(The problem): Could each entry below be written out exactly, with every picture dropped?

(Provided data):

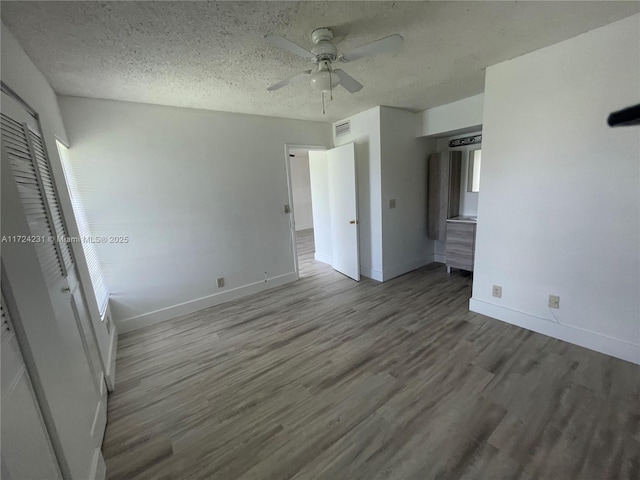 unfurnished bedroom with ceiling fan, wood-type flooring, and a textured ceiling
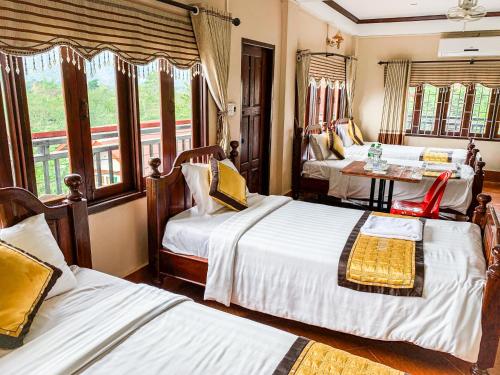 a hotel room with two beds and a table at Bountang Mountain View Riverside Hotel in Vang Vieng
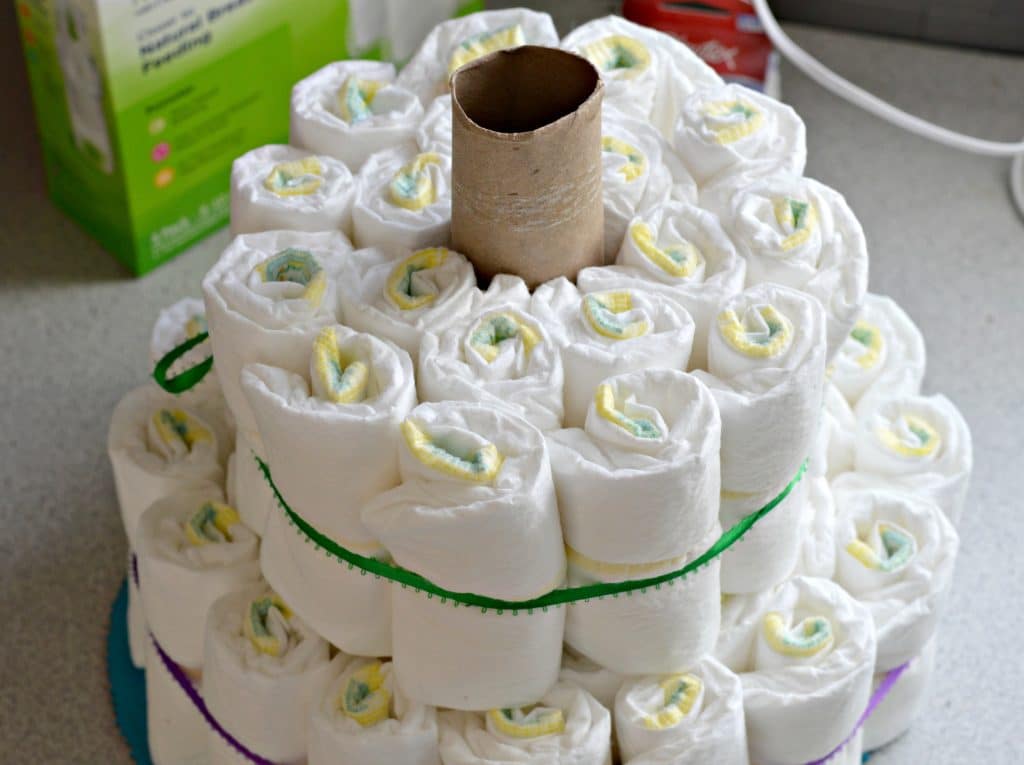 Master this Diaper Cake and you will be the hit at your next baby shower. It is easy and fun to make!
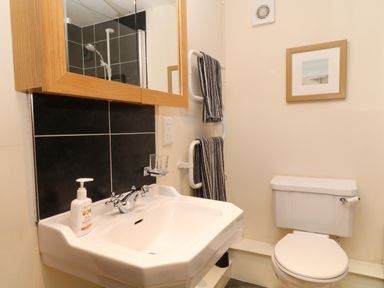 A bathroom with a white sink a toilet two striped towels on a rail a mirror above the sink and a framed picture on the wall at Hazel Cottage in Poughill near Bude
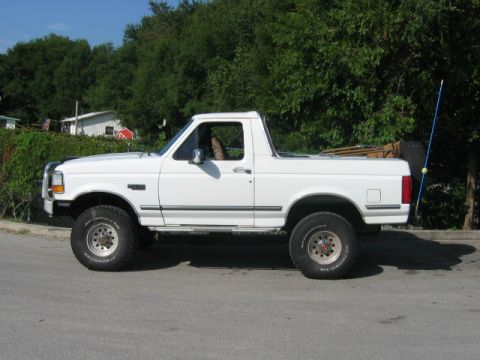1992 Ford Bronco - Side view of a white 1992 Ford Bronco, showing its lifted suspension and off-road tires.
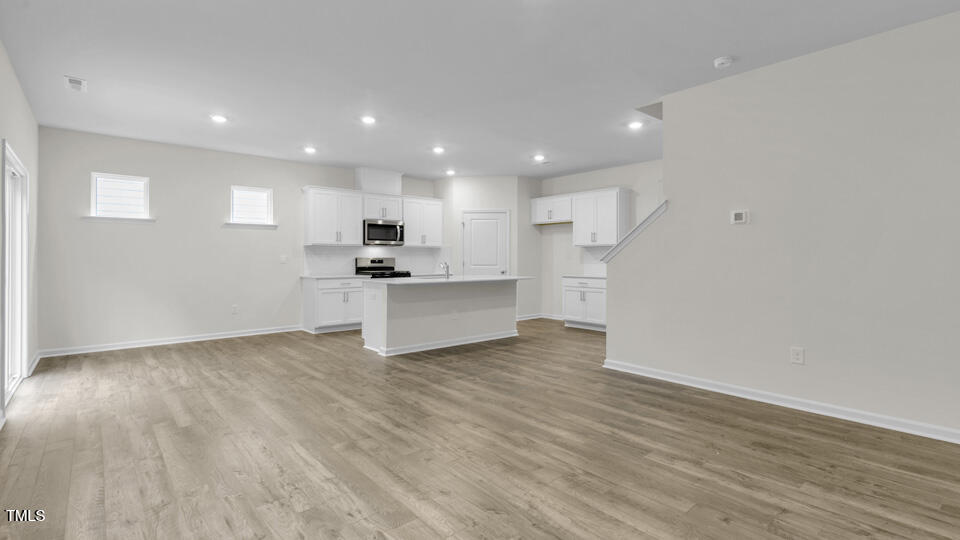 818 Comice Pear Way Willow Spring, NC 27592 - Photo 13 of 44 a view of kitchen with wooden floor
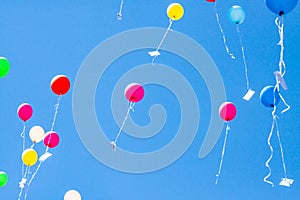 Colorful ballons with letters flying in the blue sky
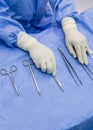 Surgical nurse or surgeon holding medical forceps or instrument inside operating room on blue table. Royalty Free Stock Photo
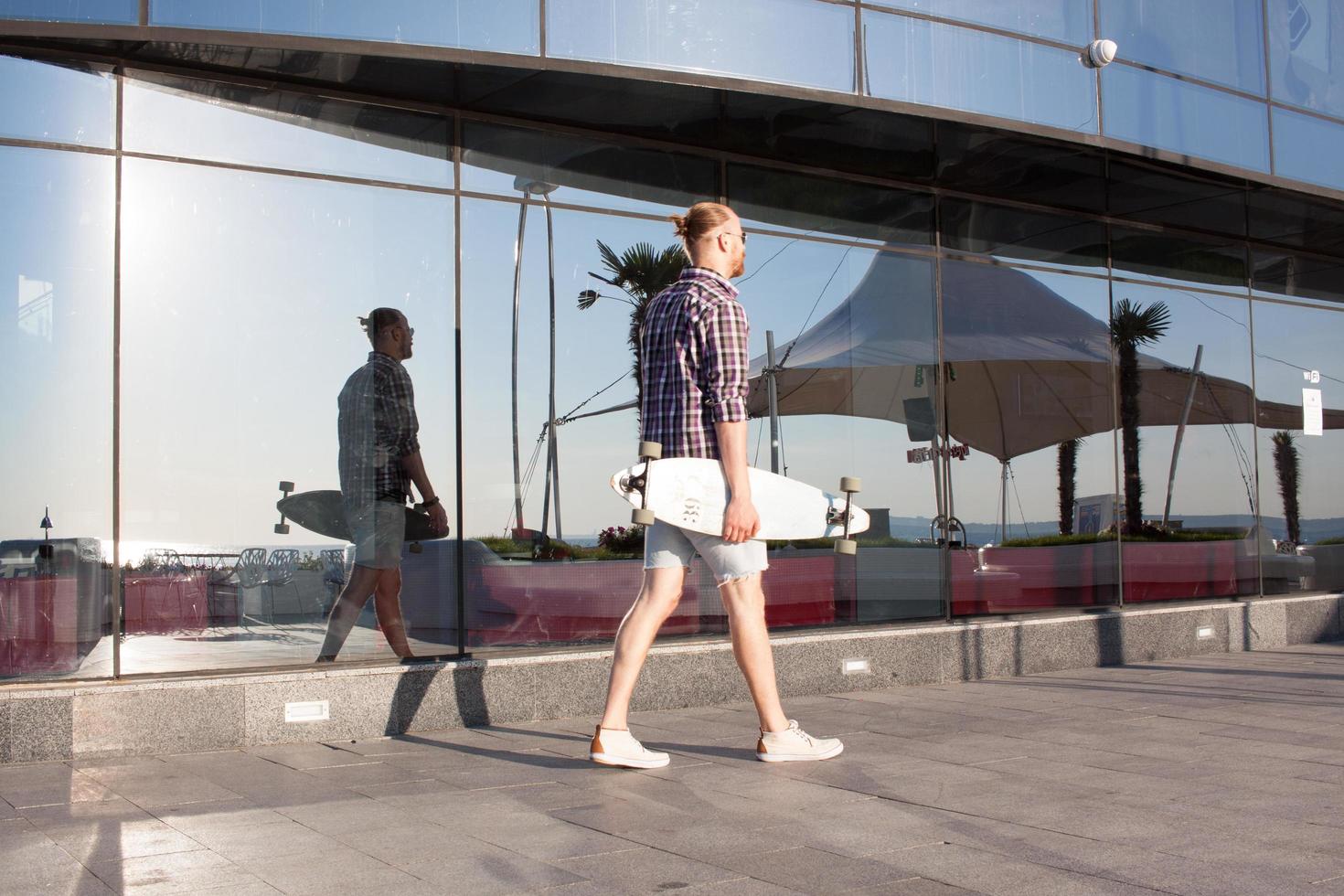 jonge bebaarde skater op stadsstrand foto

(Answer space):
 unfurnished bedroom with ceiling fan, wood-type flooring, and a textured ceiling
 a hotel room with two beds and a table at Bountang Mountain View Riverside Hotel in Vang Vieng
 Master this Diaper Cake and you will be the hit at your next baby shower. It is easy and fun to make!
 A bathroom with a white sink a toilet two striped towels on a rail a mirror above the sink and a framed picture on the wall at Hazel Cottage in Poughill near Bude
1992 Ford Bronco - Side view of a white 1992 Ford Bronco, showing its lifted suspension and off-road tires.
 818 Comice Pear Way Willow Spring, NC 27592 - Photo 13 of 44 a view of kitchen with wooden floor
 Colorful ballons with letters flying in the blue sky
 Surgical nurse or surgeon holding medical forceps or instrument inside operating room on blue table. Royalty Free Stock Photo
 jonge bebaarde skater op stadsstrand foto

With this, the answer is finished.